過ちの契る向こうに咲く花は
「鳴海さんは、私のことを知ってますか」
 しかし話が話だけに、あえて全部さらけだすこともできない気がした。
「葵ちゃんのこと?」
「ええ、生い立ち、とか」
 探るように話す私になにか感じとってくれたのか「ああ」と鳴海さんが頷く。
「確かに巽は調べたとか言ってたけど、その内容だけはひとつも教えてくれなかったよ」
 ビールと枝豆、たこわさが出てきたのでいったん会話が止まる。

「葵ちゃんの生い立ちが関係ある話なんだ」
 軽く乾杯をして、鳴海さんがビールに口をつける。私も同じく。味はよくわからなくなっていたけれど、その冷たさで頭がすっきりしてくる。
「まあなんというか、ざっくり言うと両親と伊堂寺さんのおじいさまが関係があったというか」
 へえ、とすこし意外そうな顔をして、鳴海さんは枝豆を器用に外していく。

 どう話そう。ここにきて考えてしまった。そもそも相談したいのだろうか。強引に飲みに誘われて話をふられたけれど、絶対話さなきゃいけない義理もない。
「俺なんかに話して解決するのかなー、って顔になってるよ」
 そう笑われて、すみませんと謝る。そんなに素直に顔にでるのだろうか。それとも鳴海さんはとても気持ちを読むのがうまいのだろうか。

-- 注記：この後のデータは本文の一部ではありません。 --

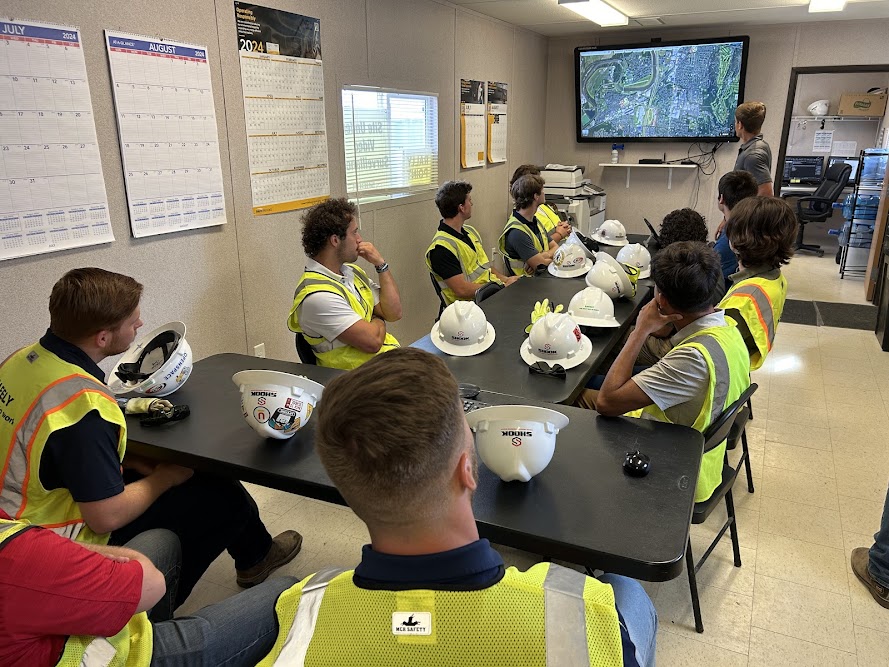 A group of workers in safety vests sit at tables with helmets, watching a presentation with a map displayed on a wall screen in an office setting.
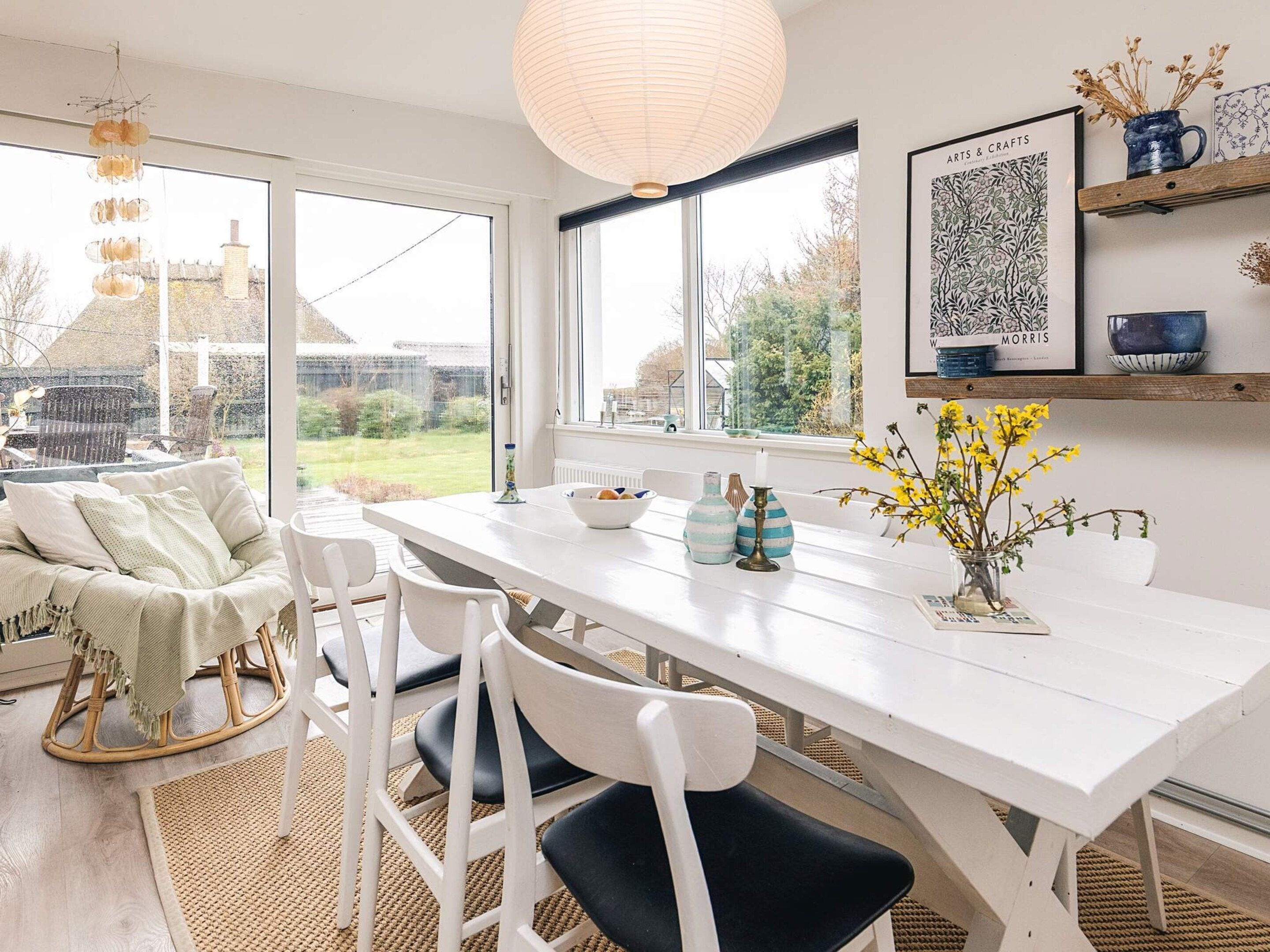 A bright kitchen with a white table, chairs, and a hanging light fixture.
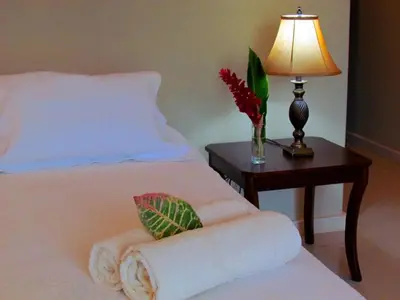 a bedroom with a bed with a table with a lamp at Tamarindo Condo 206 Matapalo in Tamarindo
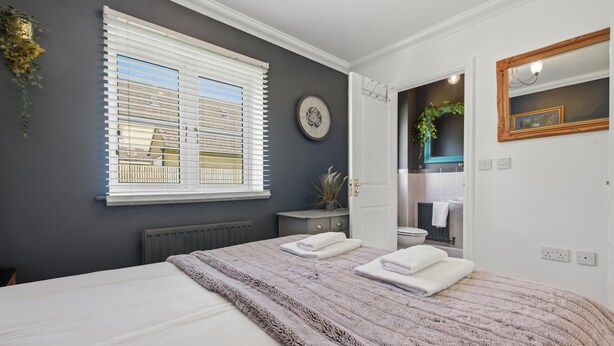 A bedroom with a bed, a window, a radiator, a mirror, and a bathroom visible through an open door.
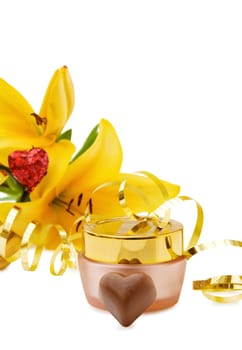Perfect gift for the celebration of a special day - luxury face cream with flower, golden ribbons and heart chocolates. Isolated over white background.
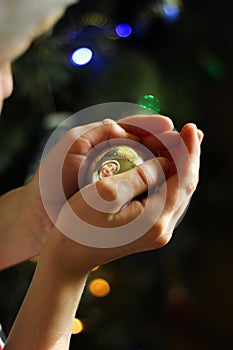 A boy in a red cap holds a Christmas toy in his hands with his reflection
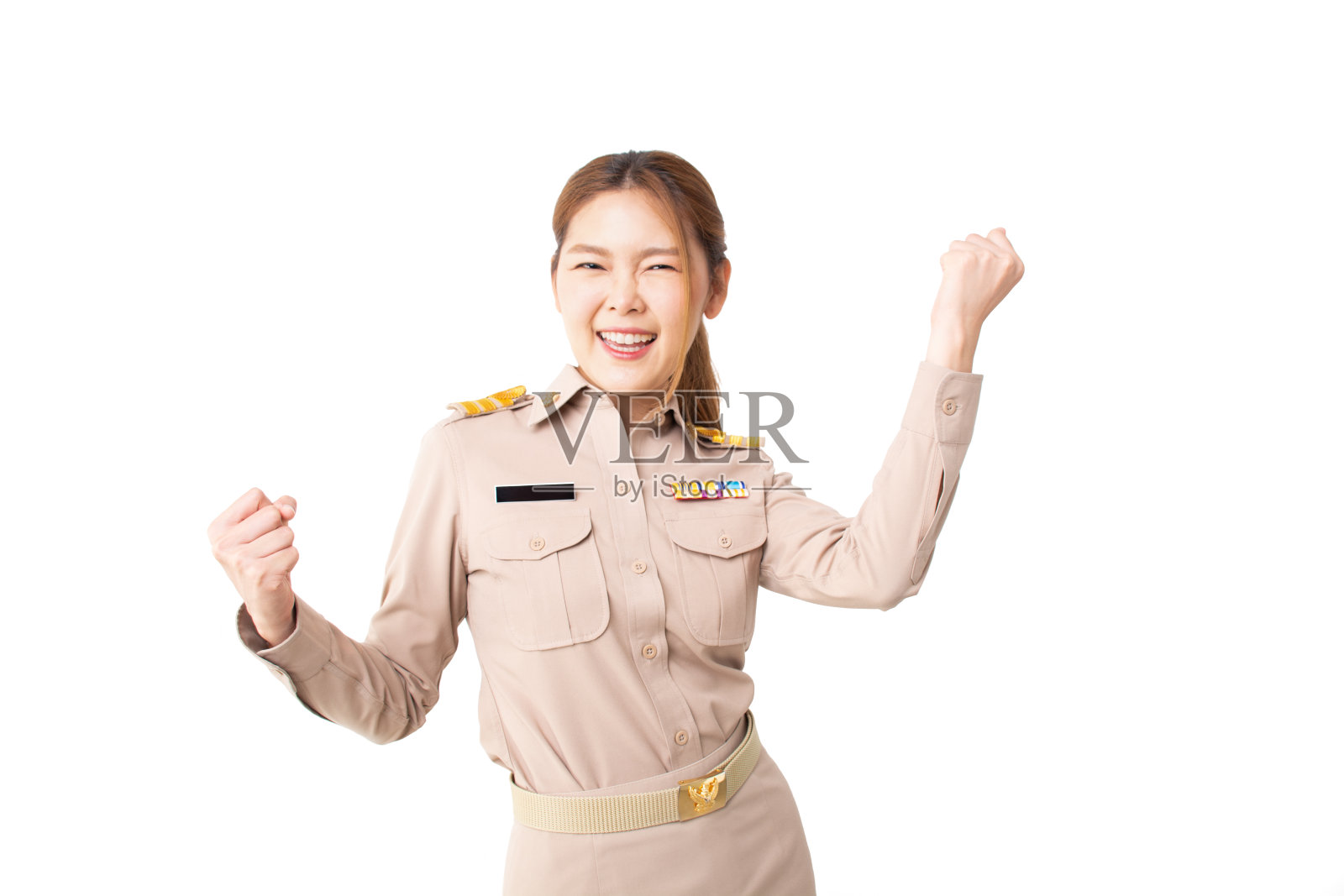 穿着卡其布制服的泰国女政府官员微笑着。美丽的女人在白色的背景上做着胜利者的手势，双臂高高举起。工作理念成功，福利理念认可，信用理念认可。照片摄影图片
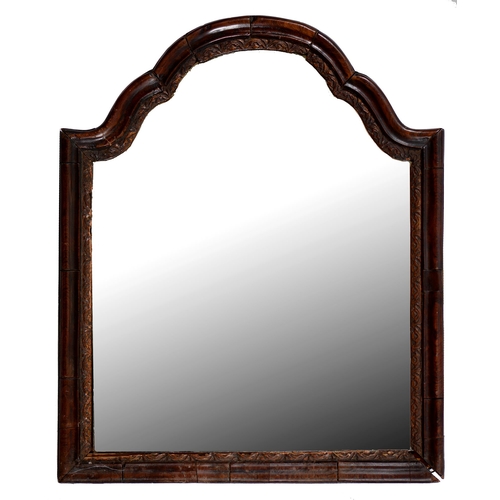 805 - A walnut mirror, late 19th c, in George I style, the shaped and arched, moulded frame with giltwood ... 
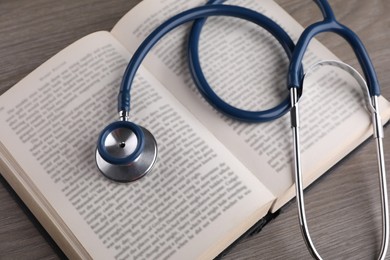 Photo of Open book and stethoscope on wooden table, closeup. Medical education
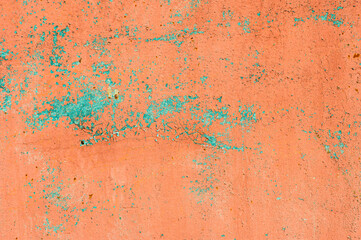 Old flaky paint on a metal surface. Red green grunge texture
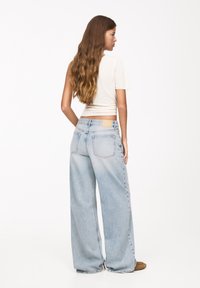 Světle modré džíny s širokými nohavicemi s vybledlým efektem, pěti kapsami a hnědou nášivkou na pasu. Kombinované s přiléhavým krémovým topem.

「いいんじゃない、解決しなくても。というか俺だってそんな的確なアドバイスをする自信ないし」
 ああ、そういやついこの間もこんな状況だったな、と思い出す。
「話してれば勝手に気持ちが落ち着いて、方向が決まってくることもあるよ」
 あのときも結局素直に話したんだった。
「そうですね、少なくとも巽さんより聞き上手で話しやすいですし」
 そこまで近しくない、でも信頼できる相手の存在は、結構助かるのかもしれない。

「そうそう」と笑う鳴海さんの顔は、たぶん無邪気とか無垢ではない。きっとこのひとはいろんな人間を見てきて、いろんな腹積もりも知ってきているのだろう、と思わせる雰囲気があった。

「私、両親のことをあまり知りませんでした。父親にいたっては名前も生死もです。巽さんは婚約者として間違えたあの日、私のことを調べたそうです。結果、伊堂寺家は私の両親に……後ろめたさ、のようなものを感じることがあったと」
 そこでまた女将さんが食事を運んできてくれた。焼き鳥の盛り合わせと揚げだし豆腐。同時に別のお客さんがのれんをくぐってきて、私たちとは離れたカウンターへと座る。
「巽さんはそれを知って、私を婚約者にしたてあげることにしたそうです。確かにそのほうが、なんというか親受けはいいんでしょうね」
 鳴海さんは私の話をしっかり聞きつつも、揚げだし豆腐を取り分けてくれていた。それをそっと手元に置いてくれて「おいしいよ」と言う。